Взяла я как-то ящик, чтобы отнести угольщику в Спенкур, в этом ящике нам доставляли уголь. Тут же на дороге я встретила совершенно незнакомого молодого человека, который очень любезно предложил мне понести этот ящик, на что я с радостью согласилась. Когда я вернулась, целая группа женщин стояла у дороги, они громко о чем-то рассуждали. Увидев меня, они все в один голос воскликнули: «Да ведь он женат!» – «Кто?» – удивилась я. «Да тот, который тащил вам ящик, его жена ревнивая, может глаза выцарапать!» Я громко расхохоталась, затем их уверила, что никаких претензий не имею на этого семейного человека, но была очень рада, что он мне помог с тяжеленным ящиком! «О чем же вы всю дорогу говорили?» – настаивали они. Успокоив их тем, что весь наш разговор был о погоде и дороговизне жизни, я отправилась в барак, они тоже все разошлись.

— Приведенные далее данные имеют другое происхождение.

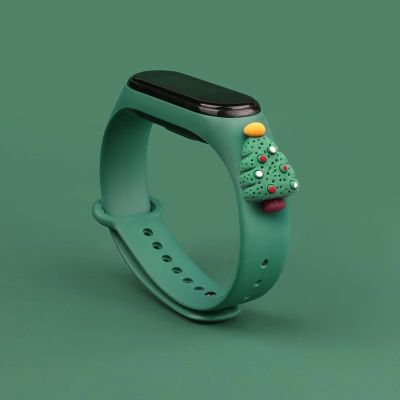 2. Opaska Strap Xmas do Xiaomi Mi Band 3 / 4 świąteczny silikonowy pasek bransoletka z choinką - ciemnozielona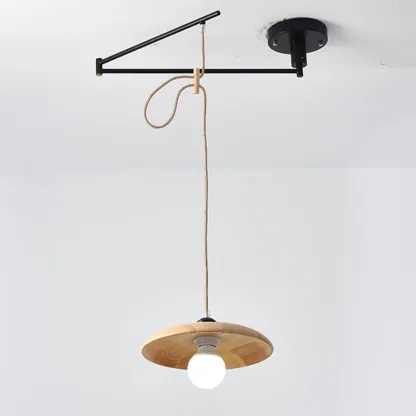 Modern Flexible Round Pendant Light in Solid Wood and Metal Image - 10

По воскресеньям Вова вставал поздно, это был единственный день его отдыха. Выспавшись, он отправлялся гулять с детьми на пустынную, убогую дорогу. Во время одной из этих прогулок он увидел приближающегося молодого человека в захудалой военной шинели. Он был весь в пыли, и вид у него был изможденный. Когда он поравнялся с мужем, услышав русскую речь, он взял под козырек, круто остановился и сказал по-русски: «Позвольте представиться! Корнет Паньков, пешком из Румынии!» Изумленный муж немедленно затащил его к нам, уговорил его остаться ночевать, отдохнуть. Бедняга действительно шел пешком. Иногда кто-нибудь сердобольный подвозил. Его цель была добраться до Парижа, где у него жила сестра, замужем за французом. Его история оказалась все та же: участвовал в Белой армии, настрадался досыта. Мы быстро познакомились. Общность наших интересов соединила нас. Мы успешно уговорили его сделать у нас привал, подработать денег, пожить с нами и отдохнуть хотя бы душевно.